What the exercise asks
The answer must be an exact copy of the lines from the one containing "В Таганроге разыскивают" through the end of the records, with the pictures left out.

┄┄┄┄┄┄

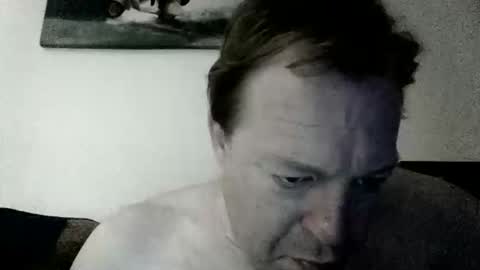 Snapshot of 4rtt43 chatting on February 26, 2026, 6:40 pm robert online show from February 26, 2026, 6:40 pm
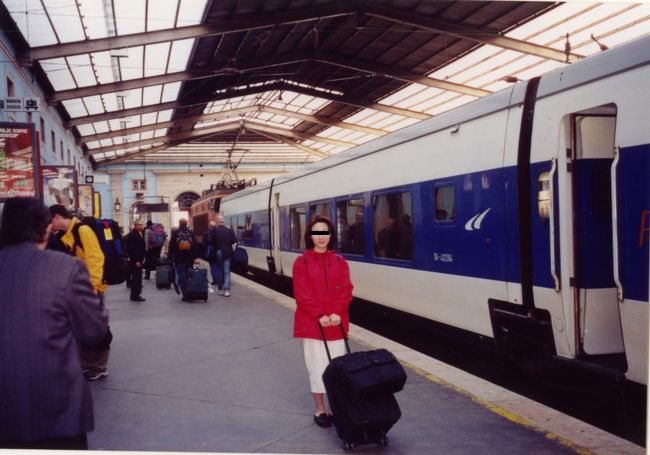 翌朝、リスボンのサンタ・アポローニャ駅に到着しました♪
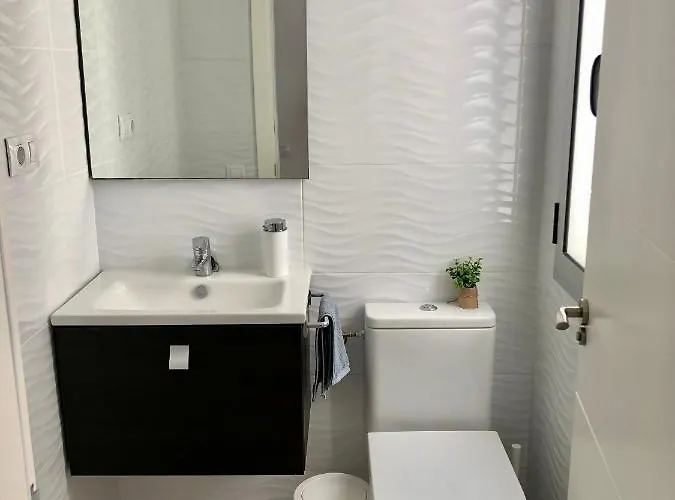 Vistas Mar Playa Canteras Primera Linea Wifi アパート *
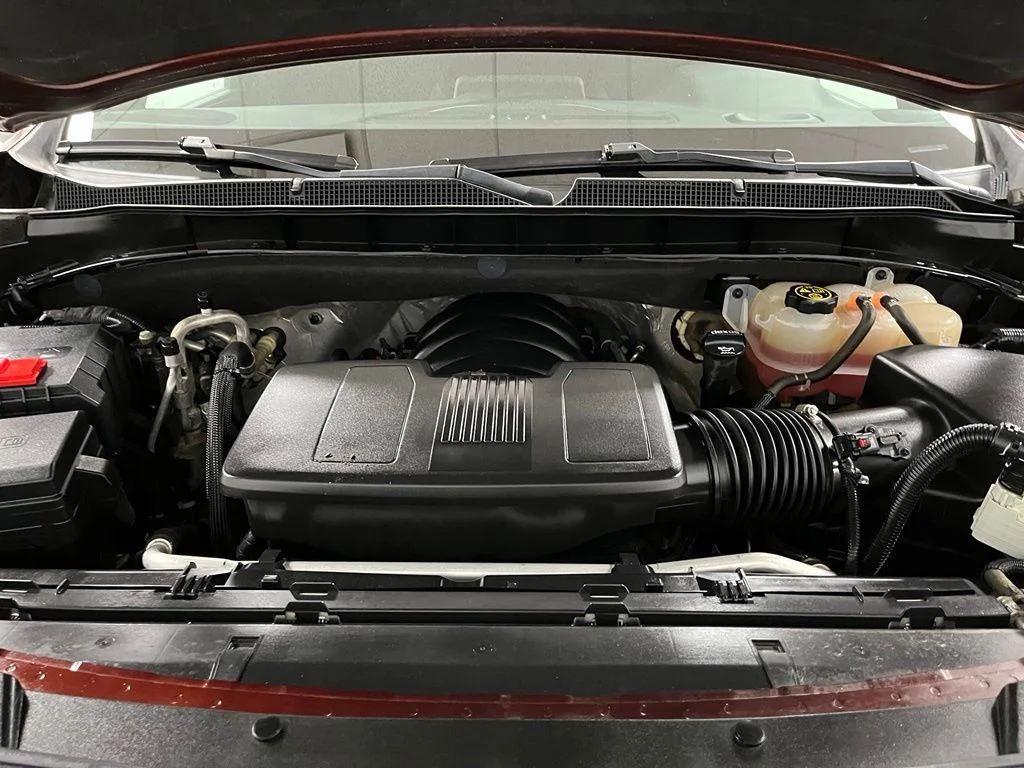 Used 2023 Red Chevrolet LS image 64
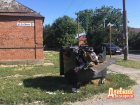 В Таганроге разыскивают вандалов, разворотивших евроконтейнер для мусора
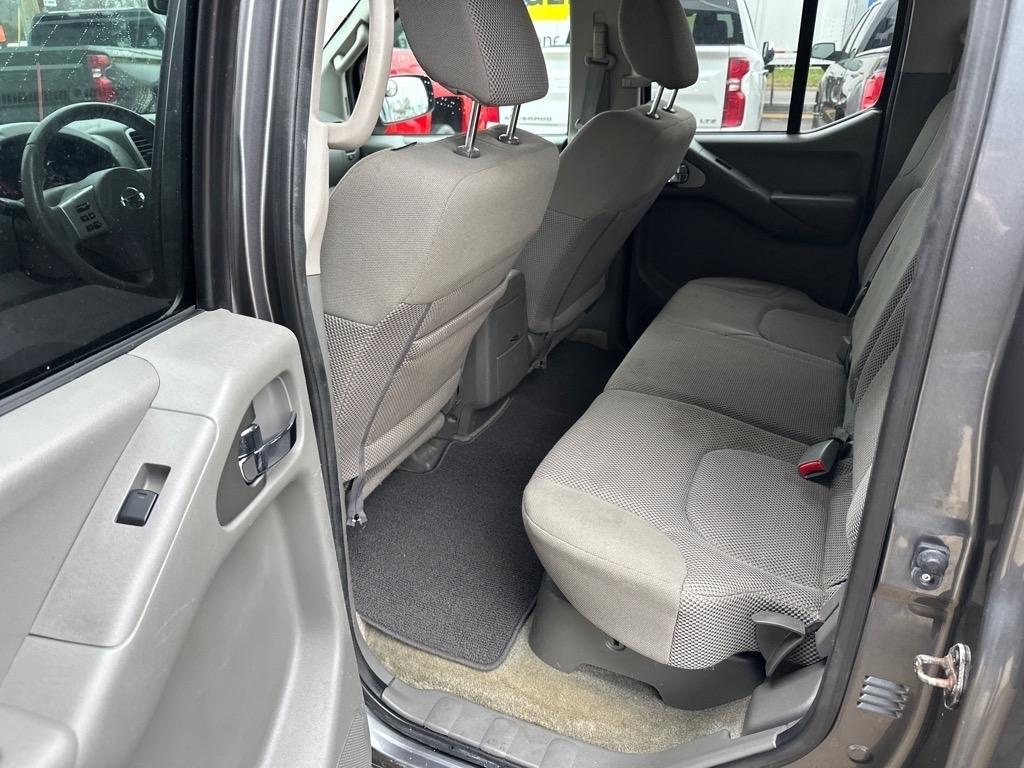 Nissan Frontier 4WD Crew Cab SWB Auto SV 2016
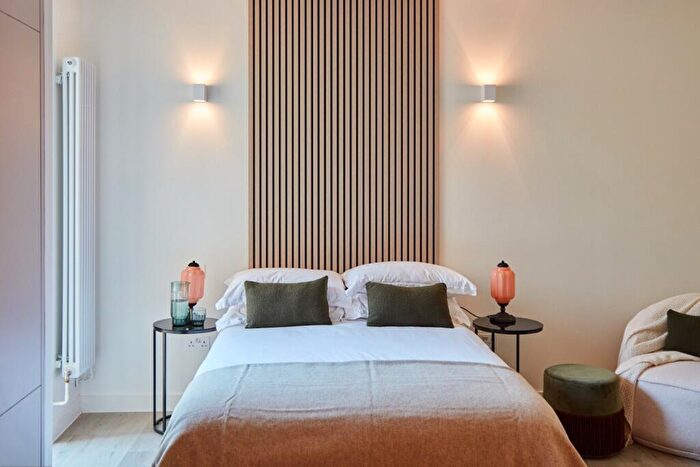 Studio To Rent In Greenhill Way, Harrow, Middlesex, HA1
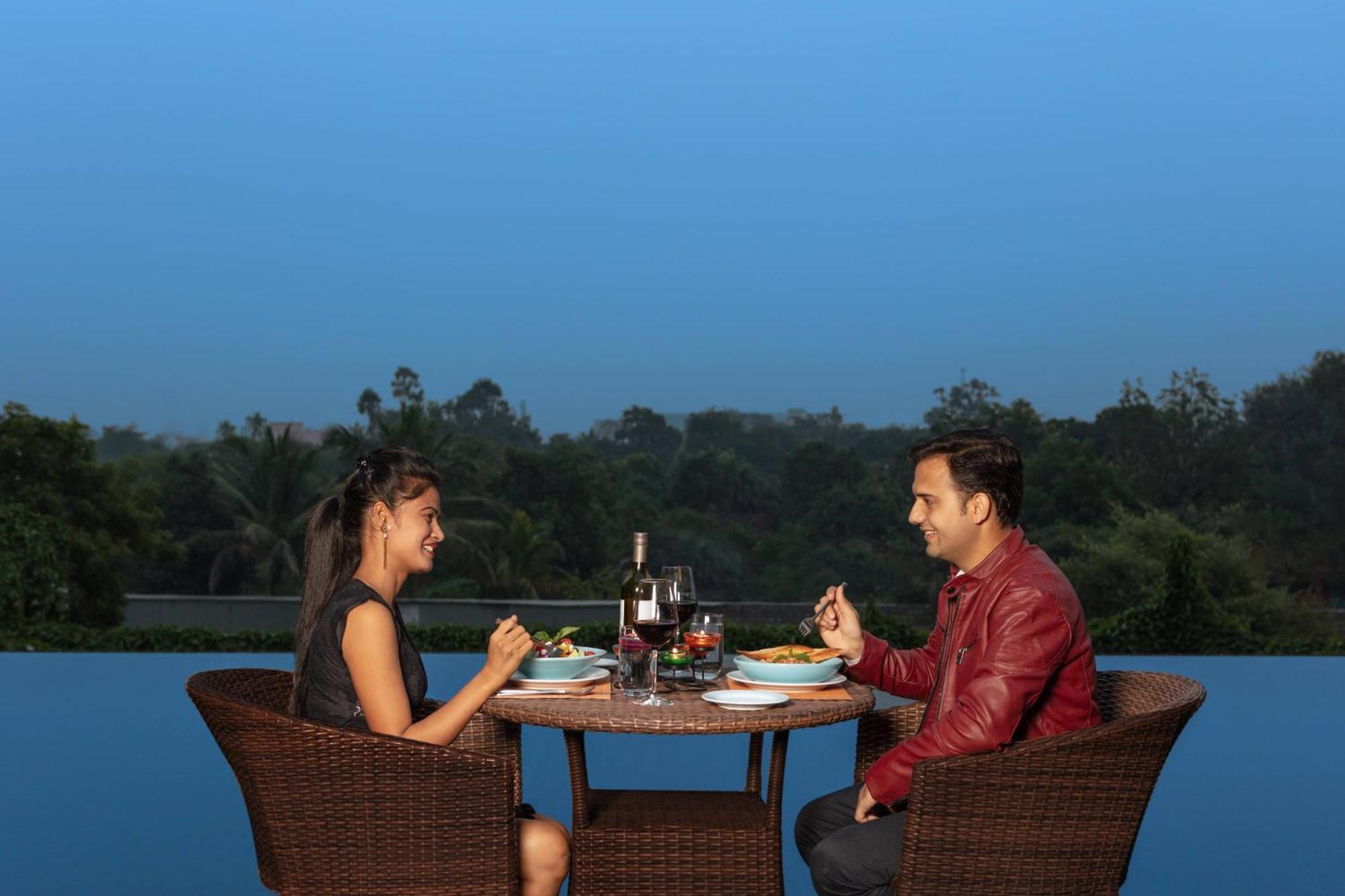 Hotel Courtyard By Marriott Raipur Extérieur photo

┄┄┄┄┄┄

Exercise solution
 В Таганроге разыскивают вандалов, разворотивших евроконтейнер для мусора
 Nissan Frontier 4WD Crew Cab SWB Auto SV 2016
 Studio To Rent In Greenhill Way, Harrow, Middlesex, HA1
 Hotel Courtyard By Marriott Raipur Extérieur photo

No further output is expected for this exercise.